They're all worried, too. The people on this planet that are trying to live their life, that aren't trying to destroy things, are in the 99.9-percent majority. And the destroyers are destroying everywhere. They're doing it here, they're trying to do it there. People are nervous about it, so they seemed very happy to be laughing at anything, because the few movies that are coming out in general about this subject are all very serious movies, or they're about the terrorist with the heart of gold, or the guy who changes his mind at the last minute. I wish suicide bombers would change their minds at the last minute. I haven't read about that. They seemed really thankful that someone was willing to do it, especially an American. And more than that, they were laughing at stuff. I've got this line in the movie where I'm just talking to my wife about landing at the New Delhi airport. I say, "Nobody was there to pick us up, they stuffed Abbott and Costello and me into a big cab"—that got a big laugh. I'm thinking, "Abbott and Costello? Why? How did that happen?" She said, "Honey, everyone's so proud of you, even my mother." "Honey, your mother thinks a Muslim is a fabric." Thirty seconds—you didn't hear any lines after that. Roar. The sheik… [Imitates laughter.] I swear to God, it made me hopeful, just hopeful that a good laugh is going to go down anywhere, providing that you don't go into that territory where they don't want you to, which is the religion, and I didn't. It was never my intention to. I don't know if that would have been okay, if I chose to do that.

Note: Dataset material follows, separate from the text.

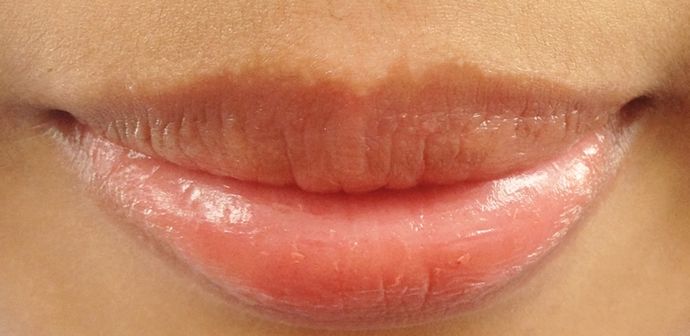 How To Lighten Dark Lips With Home Remedies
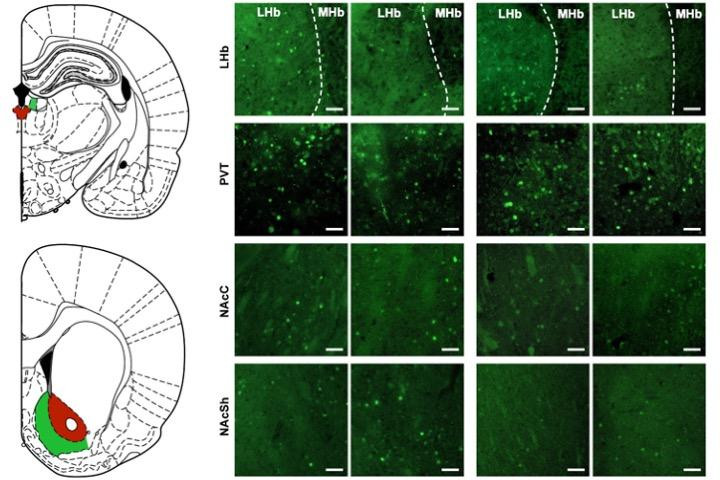 Oral ketamine prevents anhedonia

AVC: Even the few comedies that have gone after subject matter like this have taken a hard satirical angle. But this film has a conciliatory nature. There's something kind of welcoming about it.
AB: Yes. There are a couple of lines in the movie that I really, really, really like, because they're just different. I like when we're crossing the border into Pakistan and I say, "Why doesn't the guy just kill me in this car, I don't want to go with this guy," and the Jon Tenney character says, "I dunno, I think they're comics, not terrorists." It's just a sentence you've never heard before. And the idea of somebody who wants to be a stand-up comedian who normally looks like the guy who wants to kill you… I just like fusing those two. It's just funny to me that maybe show business can win out. That maybe the desire to do stand-up can overwhelm someone's desire to blow us up. It makes me laugh.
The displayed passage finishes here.